Don’t get me wrong: for startups with teams already well-versed in AWS, then AWS is the way to go. But what I have learned through my own journey is that one of the biggest challenges for startups is minimizing the complexity which can hamper a team’s agility and speed and that complexity tends to be higher in AWS.
In this second part, I’d like to explore where I think each of the platforms really shine and why an early stage startup should consider one platform over the other:
- AWS — Ecosystem, Access to Developers, Broader Community Support, and Standout Tech
- Azure — Functions, Static Web Apps, Tooling Integration, and Best Free Tier
- GCP — Pub/Sub/Cloud Tasks/Cloud Scheduler, Containers, and Kubernetes
Unfortunately, as broad as these platforms are these days, I cannot comment on services that I haven’t had hands-on experience with. While in some cases, the services are only marginally different. For example, all three platforms have image recognition as a service, in my usage, none really stood out as exceptionally better. If my insight seems unusually reductive, that’s because it is focused on building the core of SaaS applications and APIs where I have personally worked across all three clouds and where the platform really stands out.
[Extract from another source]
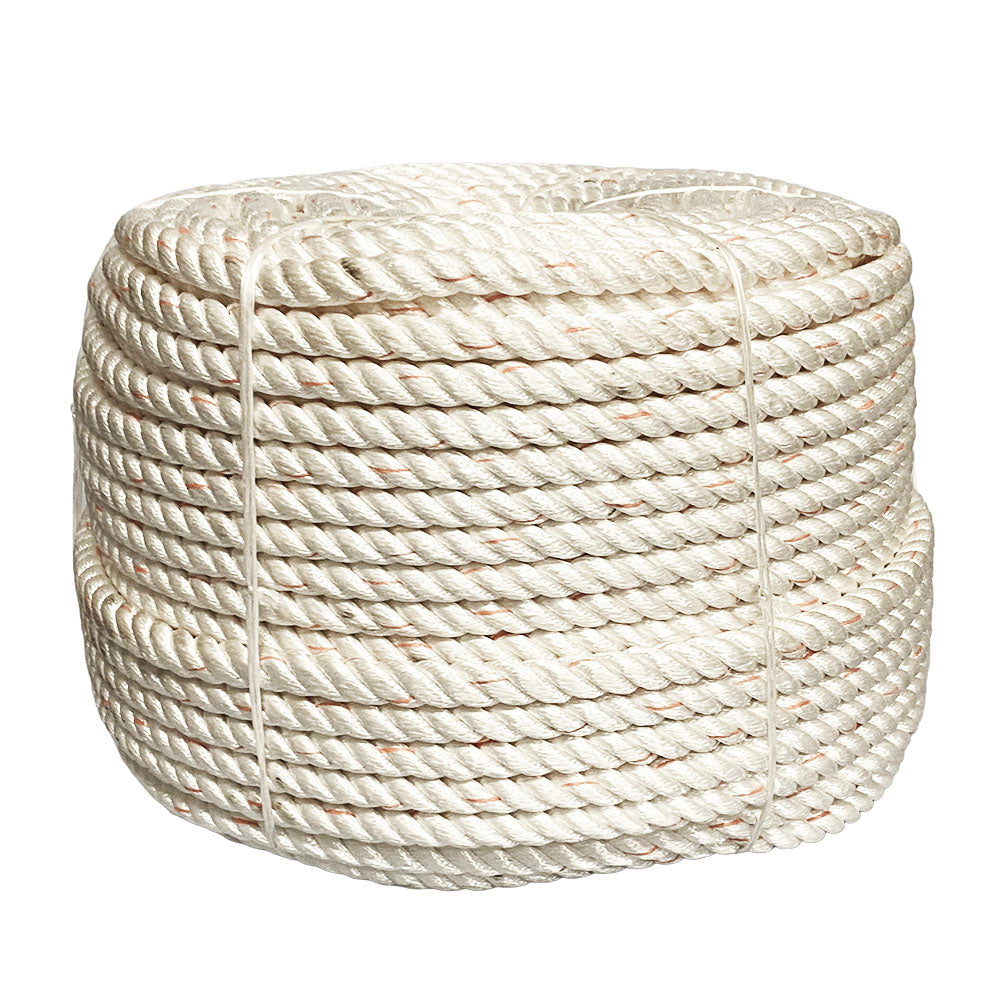 Coil of 20mm white nylon rope with an orange fleck on a white background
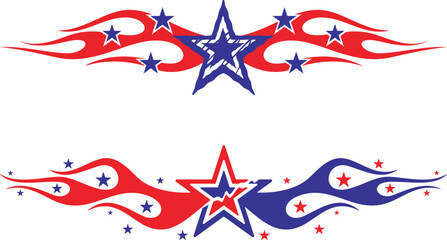 Vector Flames and Stars vehicle decal designs in American-inspired style. Ready-to-cut graphics, great for car and sport vehicle wraps, celebration and holiday designs in national colors.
If you have experience working with other capabilities across these clouds (e.g. ML, big data), please leave a comment!
From the first part of this series, you might think that I wouldn’t recommend AWS at all; however, this is not the case.
There are in fact several ways in which AWS shines that are unmatched by GCP and Azure.
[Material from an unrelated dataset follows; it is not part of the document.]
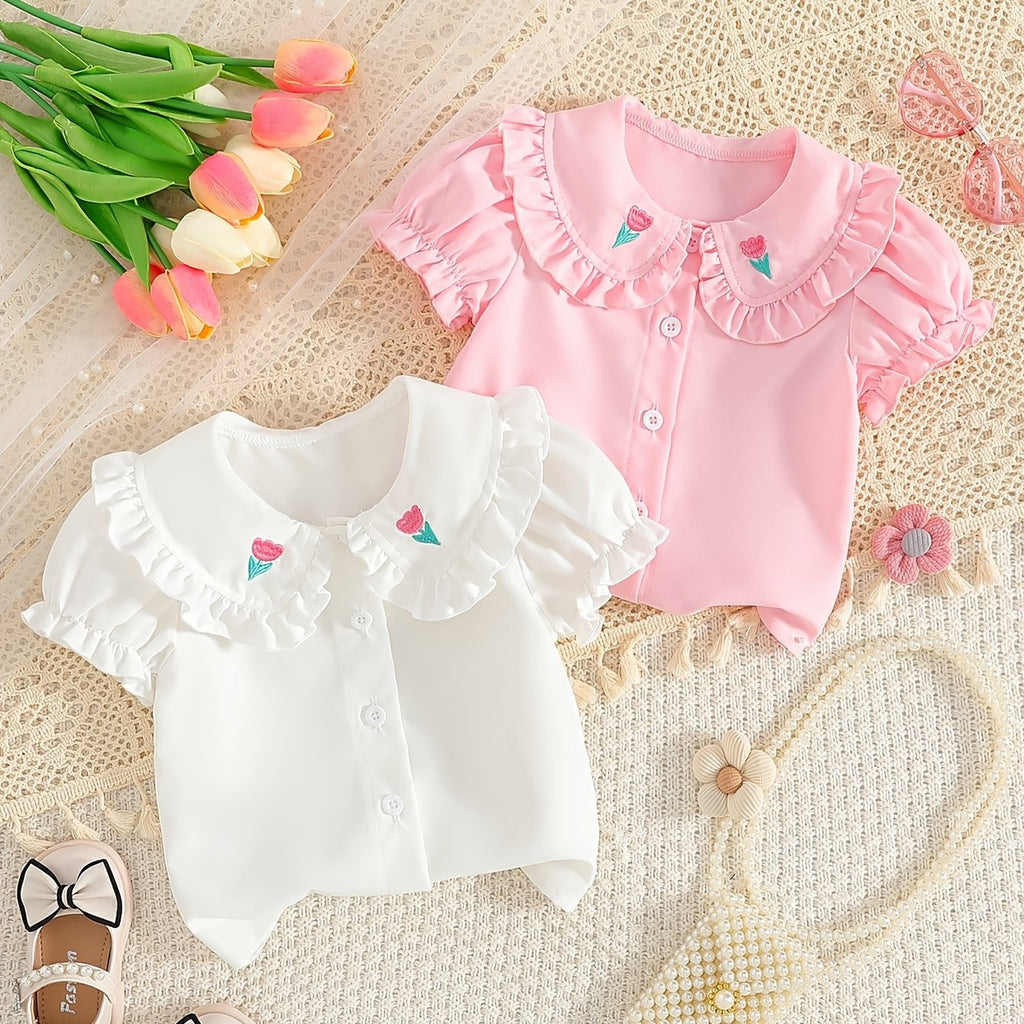 Chemise d'été à col poupée pour filles — Monptitlou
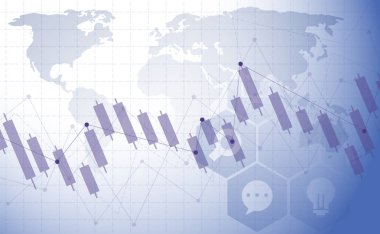 Grafik ve dünya haritası ile soyut arkaplan. Vektör çizimi. Eps 10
One of the strongest cases for AWS is that it has the biggest third party ecosystem by virtue of also having the largest marketshare. A really great example is LocalStack which provides a nearly fully functional clone of AWS that you can run locally. This makes some activities like CI/CD and the local development experience simply unmatched on either GCP or Azure.
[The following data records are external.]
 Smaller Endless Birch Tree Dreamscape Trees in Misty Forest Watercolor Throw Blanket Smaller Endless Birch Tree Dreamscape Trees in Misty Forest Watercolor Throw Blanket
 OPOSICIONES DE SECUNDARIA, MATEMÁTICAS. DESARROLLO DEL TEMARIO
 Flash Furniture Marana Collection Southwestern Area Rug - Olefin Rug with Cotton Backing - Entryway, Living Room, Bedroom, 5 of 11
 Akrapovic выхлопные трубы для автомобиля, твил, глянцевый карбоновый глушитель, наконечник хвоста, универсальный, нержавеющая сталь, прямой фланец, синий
In contrast, Azure CosmosDB still lacks a local emulator that can run on Apple M1 hardware. While Microsoft has tools like Azurite, that emulate parts of the stack, it’s really no match for LocalStack — something that can only exist where there’s a large enough customer base to support such a tool.
AWS first party tooling for local emulation is generally more complete as well. Being able to run the DynamoDB emulator in CI/CD and running full integration tests is a huge win.
Searching GitHub for AWS, Azure, and GCP yields the following:
The sheer number of projects — especially 3rd party commercial and open source projects — for AWS is a byproduct of its first-mover advantage and dominance in the market.
Access to Developers
Because AWS has such a large marketshare, teams are also more likely to be able to find developers with AWS experience versus Azure or GCP experience as a function of the maturity of AWS compared to the latter.
For startups, this means that picking AWS can be a big boon when it comes time to scale the team by having access to a larger pool of experienced engineers to pick from.
Searching on LinkedIn jobs for AWS, Azure, and GCP yields the following results:
It’s clear that there’s more demand and intuitively more engineers with AWS experience.
Broader Community Support
As a consequence, you’ll also find broader community support. On StackOverflow, searching for the tags
[gcp] yields the following results:
This is hardly a scientific exploration, but it clearly reflects the smaller community of GCP developers compared to AWS, even if GCP has some really great features that help startups move fast.
It’s not just the ecosystem and marketshare, AWS also has a few tech gems as part of that philosophy of having a solution for every niche.
For example, Lambda — despite its lack of higher level abstractions like Azure Functions — has the lowest cold start times of the three serverless function runtimes. For use cases sensitive to cold starts, Lambda is the best solution which offers the most performance. If you’re open to C# and .NET, AWS .NET Annotation Lambda Framework takes a small slice of the DX of Azure Functions and brings it to Lambda.
AWS is the only one of the big three with a managed GraphQL service with AppSync and it’s hard not to be intrigued by the potential of building some really gnarly stuff on it. AppSync allows a team to effectively create a serverless, API-less GraphQL endpoint that can abstract backend access to anything by using HTTP resolvers (though you have to get comfortable with the clunky Apache Velocity Templating Language to get the most out of it). It can even directly access DynamoDB, S3, and Lambda without having to write any API layer at all! AppSync is an underrated gem for teams building serverless apps, but its complexity cliff is quite high. It almost feels like a science experiment — someone’s crazy awesome idea that actually made it to production!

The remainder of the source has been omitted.